Les disputes et les querelles ont leur principe dans l'impatiente et dans l'orgueil. On ne saurait rien souffrir ; on s'emporte pour la moindre chose ; la moindre chose blesse les cœurs naturellement inquiets et turbulents. Pour réprimer les saillies d'une colère naissante, il faut savoir prendre sur soi. Un homme qui ne sait point se modérer, qui n'est pas maître de soi, ne saurait manquer d'être dans l'inquiétude. Celui au contraire qui se modère dans les occasions, acquiert une humeur douce, et jouit d'une tranquillité inaltérable, il pardonne aisément les affronts même les plus outrageants ; ce que ne saurait faire un homme qui a le trouble dans le cœur, et l'inquiétude dans l'esprit.
Extrait : Les sentences, adages et pensées chinoises (1782)

Un seul affront supporté patiemment suffit pour établir votre réputation.
Extrait : Les sentences, adages et pensées chinoises (1782)

N'ayez ni aversion ni mépris pour les esprits bornés : n'exigez pas qu'un homme soit parfait en tout.
Extrait : Les sentences, adages et pensées chinoises (1782)

Aimes-tu les autres sans en obtenir un retour ? Cherchent-ils à te fuir, quoique tu les abordent avec prudence ? Manquent-ils pour toi d'égards, quand tu les traites avec honnêteté ? Examine-toi bien, et cherche en toi quel défaut secret nuit à tes vertus.
Extrait : Les sentences et pensées morales chinoises (1832)

La vie de l'homme est un voyage : il en faut franchir le chemin, quel qu'il soit. II est bien rare de le trouver égal, mais, si d'abord il est dangereux et périlleux, étroit et difficile, avec de la prudence, une volonté ferme et de la persévérance, on peut espérer qu'il deviendra plus sûr et plus agréable.
Extrait : Les sentences et pensées morales chinoises (1832)

Celui qu'on aime n'a point de vices, mais si l'on vient à le haïr, il n'aura plus de vertus.
Extrait : Les sentences et pensées morales chinoises (1832)
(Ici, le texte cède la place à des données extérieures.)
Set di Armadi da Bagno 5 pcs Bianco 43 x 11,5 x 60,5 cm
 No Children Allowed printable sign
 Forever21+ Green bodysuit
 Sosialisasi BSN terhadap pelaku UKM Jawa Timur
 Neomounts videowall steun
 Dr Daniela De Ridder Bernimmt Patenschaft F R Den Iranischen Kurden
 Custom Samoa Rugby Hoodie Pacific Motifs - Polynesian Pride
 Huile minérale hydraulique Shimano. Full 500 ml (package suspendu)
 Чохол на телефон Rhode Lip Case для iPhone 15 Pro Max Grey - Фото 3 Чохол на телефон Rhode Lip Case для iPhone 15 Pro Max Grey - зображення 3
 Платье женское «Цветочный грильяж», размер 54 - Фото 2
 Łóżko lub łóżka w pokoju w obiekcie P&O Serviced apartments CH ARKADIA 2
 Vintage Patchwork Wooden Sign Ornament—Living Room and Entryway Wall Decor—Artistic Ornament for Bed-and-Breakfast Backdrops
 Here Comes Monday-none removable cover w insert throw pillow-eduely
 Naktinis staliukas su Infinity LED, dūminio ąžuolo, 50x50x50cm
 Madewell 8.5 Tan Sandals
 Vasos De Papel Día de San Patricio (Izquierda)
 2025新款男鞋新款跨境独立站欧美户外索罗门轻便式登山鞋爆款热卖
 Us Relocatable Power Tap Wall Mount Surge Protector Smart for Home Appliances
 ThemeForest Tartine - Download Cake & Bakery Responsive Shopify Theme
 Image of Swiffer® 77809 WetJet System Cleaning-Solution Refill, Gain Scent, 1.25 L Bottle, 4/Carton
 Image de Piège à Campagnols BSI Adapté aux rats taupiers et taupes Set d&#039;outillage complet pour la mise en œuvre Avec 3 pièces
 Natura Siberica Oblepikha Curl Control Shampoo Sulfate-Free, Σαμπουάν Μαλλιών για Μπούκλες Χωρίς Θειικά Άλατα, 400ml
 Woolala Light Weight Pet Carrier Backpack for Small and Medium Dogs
Les usages consacrés par le temps ne sont pas des lois.
Extrait : Les sentences et pensées morales chinoises (1832)

Mieux vaut modérer son orgueil que de perdre un véritable ami.
Extrait : Les sentences et pensées morales chinoises (1832)

Qui que vous soyez, évitez le jeu ; ne cherchez point à acquérir des richesses par d'autre voie que par celle de vos travaux et de vos épargnes : vous avez vos appointements fixes, ménagez-les ; ne faites point de dépenses inutiles ; vous avez des terres, cultivez-les avec soin et mettez à profit tout ce qu'elles vous rendront. Après avoir suffisamment pourvu à votre entretien et à celui de votre famille, mettez le superflu en réserve pour l'avenir, et pour les temps de calamité : soyez prévoyants.
Extrait : Les sentences, adages et pensées chinoises (1782)

L'arbre renversé par le vent avait plus de branches que de racines.